- **WORK ITEM**
Set down the full listing below word for word; pictures stay out of the copy.

- **PROVIDED DATA**
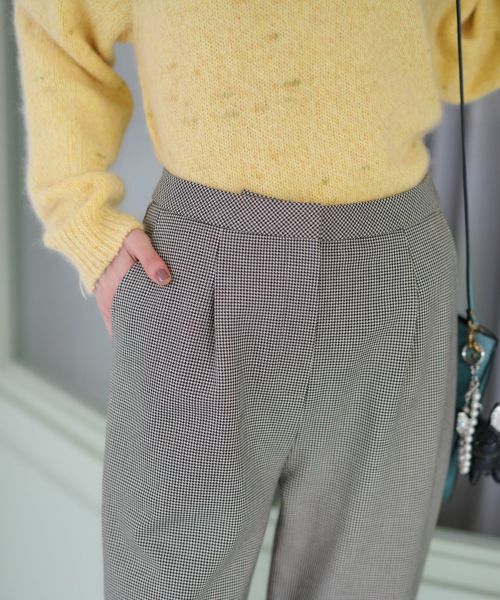 CARA O CRUZ / キャラ・オ・クルス その他パンツ | 【あったか】洗える裏起毛ミニ千鳥格子パンツ | 詳細27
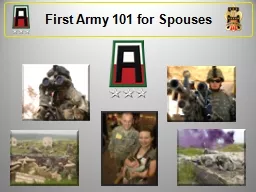 First Army 101 for Spouses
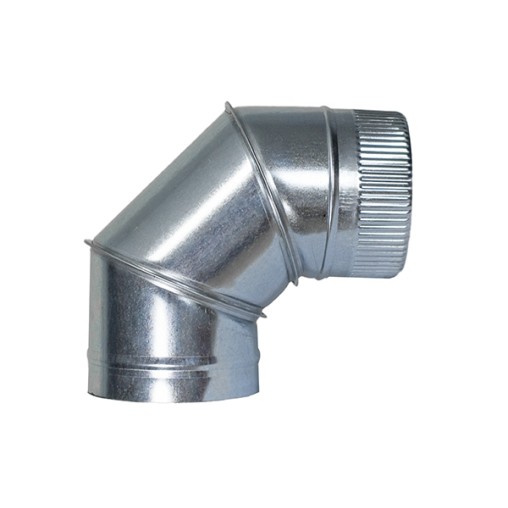 CODO ESTUFA SECTORES GALVANIZADO 90 - 200X0,8 MM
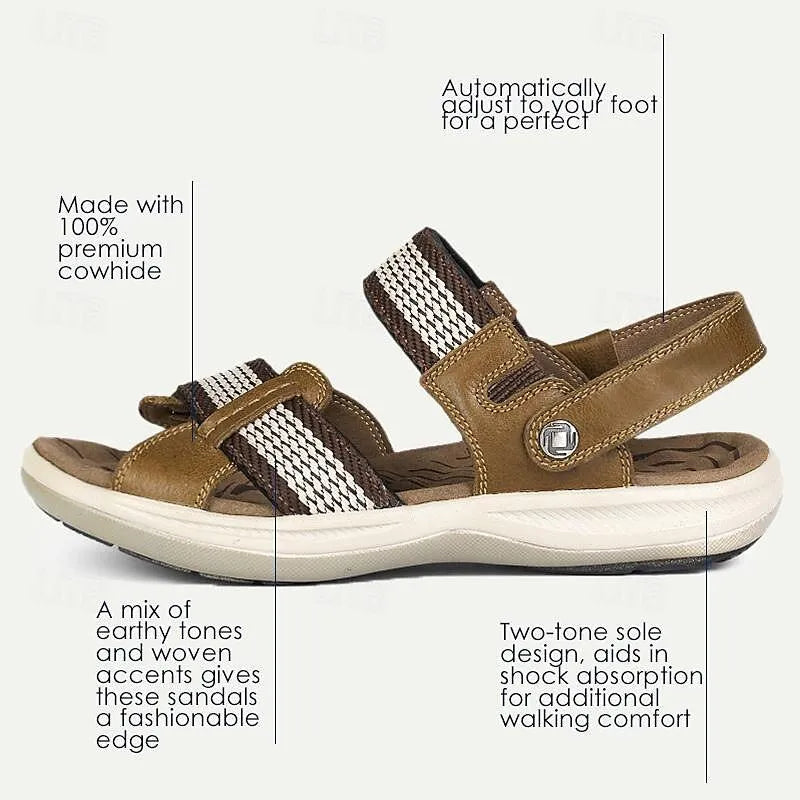 Leather woven sandals - Tokiyos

- **SOLVED PROBLEM**
 CARA O CRUZ / キャラ・オ・クルス その他パンツ | 【あったか】洗える裏起毛ミニ千鳥格子パンツ | 詳細27
 First Army 101 for Spouses
 CODO ESTUFA SECTORES GALVANIZADO 90 - 200X0,8 MM
 Leather woven sandals - Tokiyos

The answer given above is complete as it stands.